The Puerto Rico senatorial districts (distritos senatoriales) refers to the electoral districts in which Puerto Rico is divided for the purpose of electing 16 of the 27 members of the Senate of Puerto Rico (with the other 11 being elected at-large). The archipelago is currently divided in eight senatorial districts, each based on a similar number of inhabitants, and comprising one or more representative districts—the electoral districts in which Puerto Rico is divided for the elections of the members of the House of Representatives. American citizens may vote only for the district in which they have declared their residence, and only for up to two senators per district by plurality-at-large.

==History==

The first division of senatorial districts occurred in 1917, and came as a result of the signing of the Jones-Shafroth Act. This act allowed for Puerto Ricans to elect their first Senate and provided for the appropriate distribution of the municipalities for their representation in the Senate. Originally, the island was divided in seven senatorial districts.
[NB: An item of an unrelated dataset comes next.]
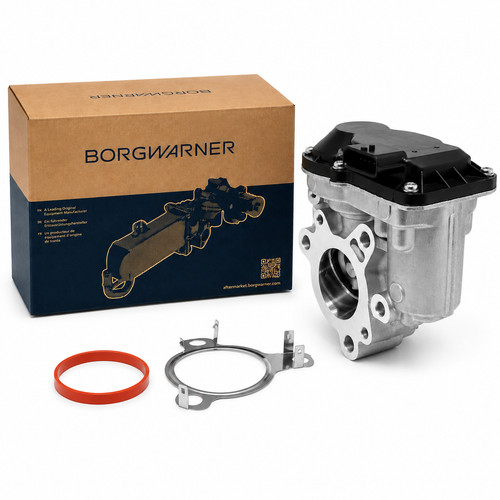 Borgwarner egr valve for - valve,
Through the years, the distribution of the districts has been revised several times. Although in most cases, the revisions are minor, there have been cases where the changes have been significant. For example, in the redistribution of 1952, an eighth district was added. The redistribution of 1972 was also significant in the way that it rearranged the districts.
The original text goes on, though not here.